#### [TASK REQUIREMENTS]
If a record holds a picture, leave the picture out and print everything else exactly.

>>>>>

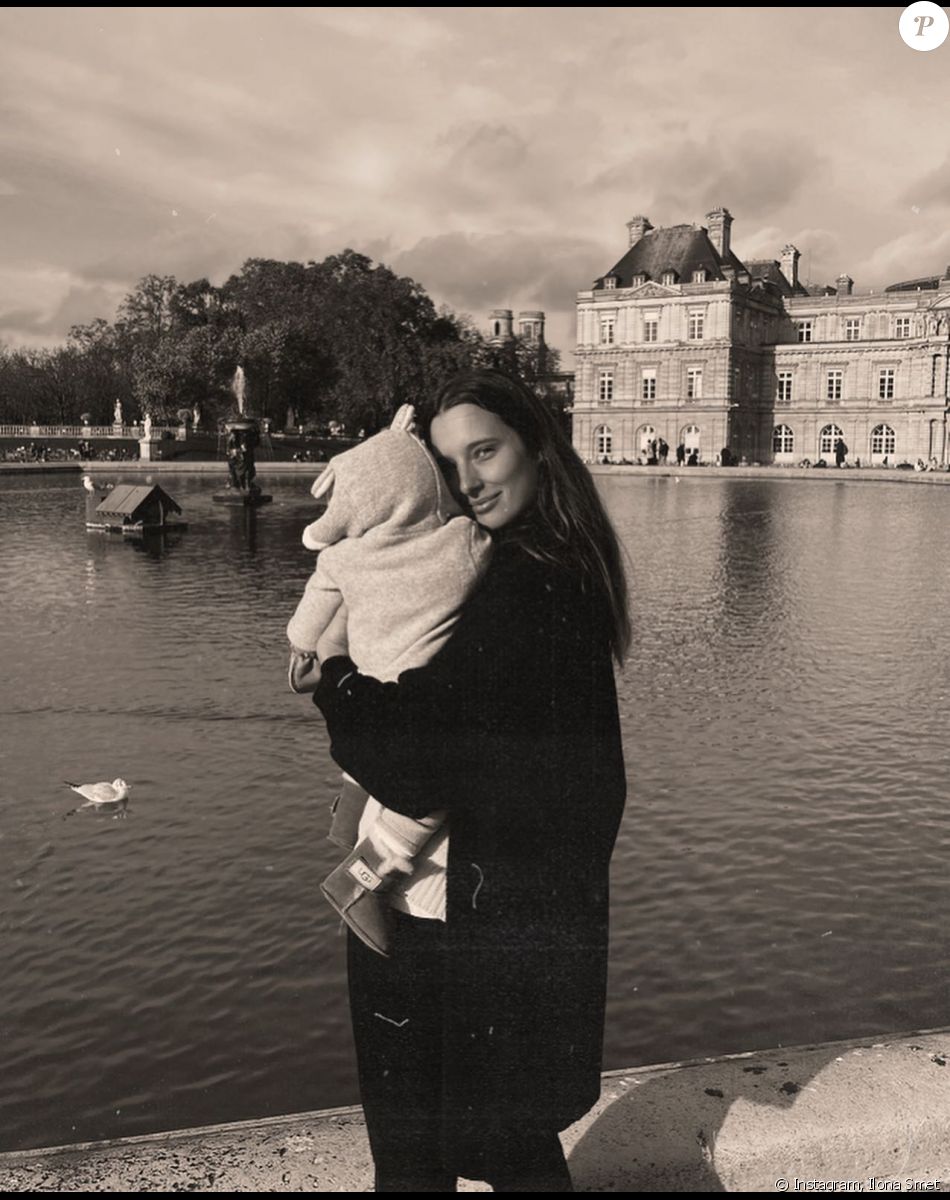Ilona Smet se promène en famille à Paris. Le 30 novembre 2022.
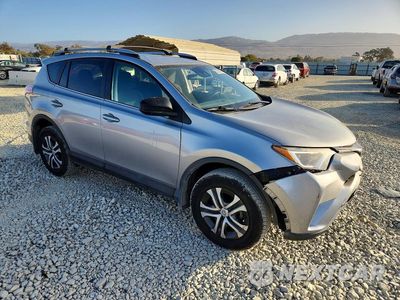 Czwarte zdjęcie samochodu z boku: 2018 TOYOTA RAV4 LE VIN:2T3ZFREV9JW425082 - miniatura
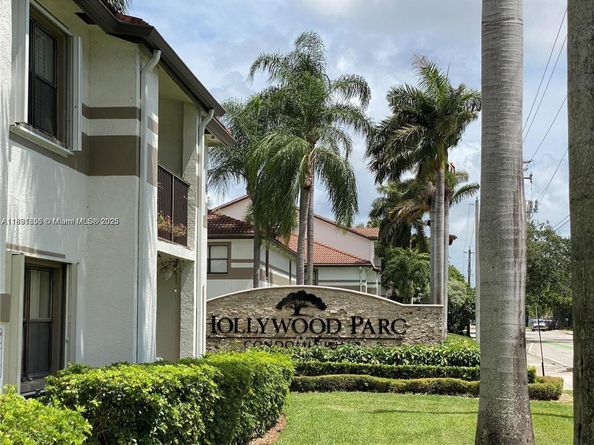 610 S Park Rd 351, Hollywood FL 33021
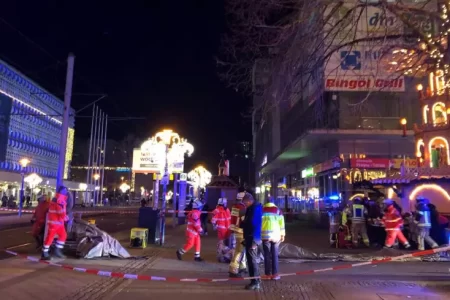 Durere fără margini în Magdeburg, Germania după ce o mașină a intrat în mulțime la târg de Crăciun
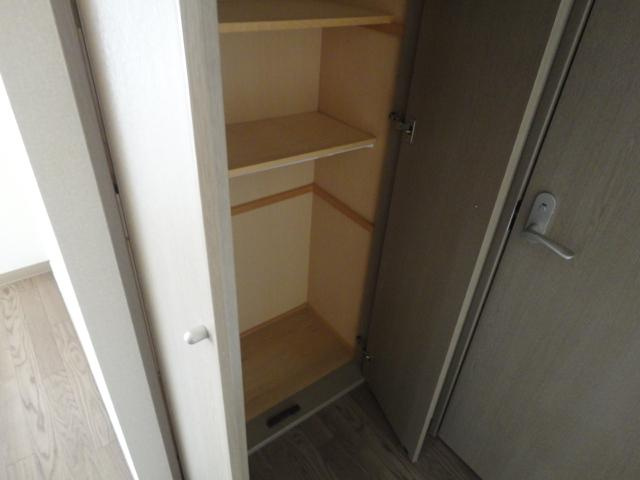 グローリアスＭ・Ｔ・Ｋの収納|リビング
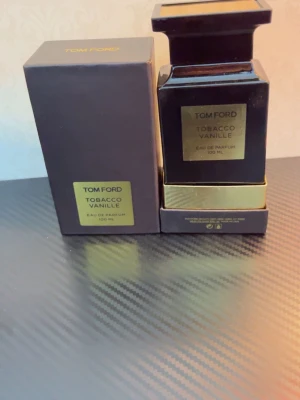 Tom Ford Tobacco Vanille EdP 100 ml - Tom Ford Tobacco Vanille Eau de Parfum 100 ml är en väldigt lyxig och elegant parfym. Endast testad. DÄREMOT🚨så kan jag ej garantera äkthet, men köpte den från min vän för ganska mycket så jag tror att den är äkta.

<<<<<

#### [FINAL ANSWER]
Ilona Smet se promène en famille à Paris. Le 30 novembre 2022.
 Czwarte zdjęcie samochodu z boku: 2018 TOYOTA RAV4 LE VIN:2T3ZFREV9JW425082 - miniatura
 610 S Park Rd 351, Hollywood FL 33021
 Durere fără margini în Magdeburg, Germania după ce o mașină a intrat în mulțime la târg de Crăciun
 グローリアスＭ・Ｔ・Ｋの収納|リビング
 Tom Ford Tobacco Vanille EdP 100 ml - Tom Ford Tobacco Vanille Eau de Parfum 100 ml är en väldigt lyxig och elegant parfym. Endast testad. DÄREMOT🚨så kan jag ej garantera äkthet, men köpte den från min vän för ganska mycket så jag tror att den är äkta.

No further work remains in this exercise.